- **WHAT THIS TASK INVOLVES**
Output range, inclusive: from the line containing "La dernière demande" to the line containing "RYLL HTBRID 8.0 ソフトボード". Restate those lines from the data below word for word and only those.

- **RECORDS TO PROCESS**
╔══

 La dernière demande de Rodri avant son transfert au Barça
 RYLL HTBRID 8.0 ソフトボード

╚══
╔══

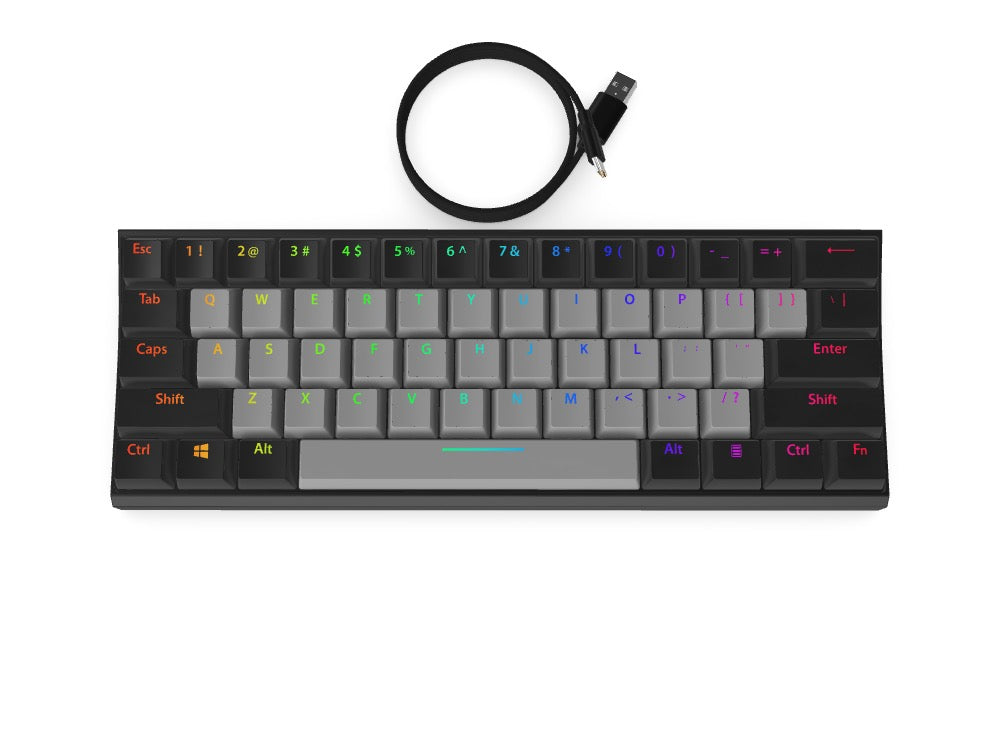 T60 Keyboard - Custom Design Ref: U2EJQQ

╚══
╔══

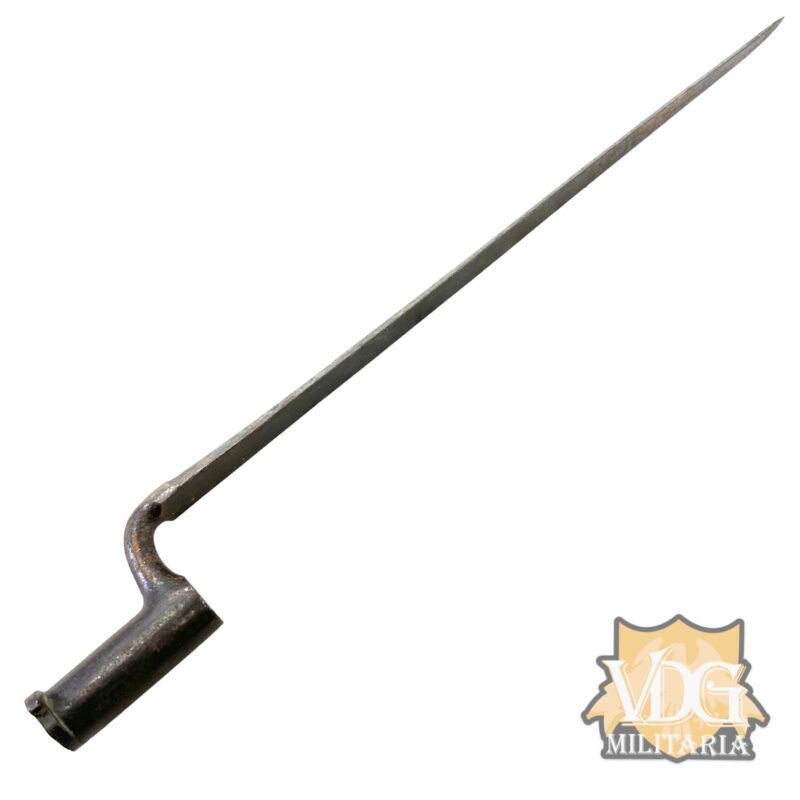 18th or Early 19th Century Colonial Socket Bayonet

╚══

- **ANSWER SPACE**
 La dernière demande de Rodri avant son transfert au Barça
 RYLL HTBRID 8.0 ソフトボード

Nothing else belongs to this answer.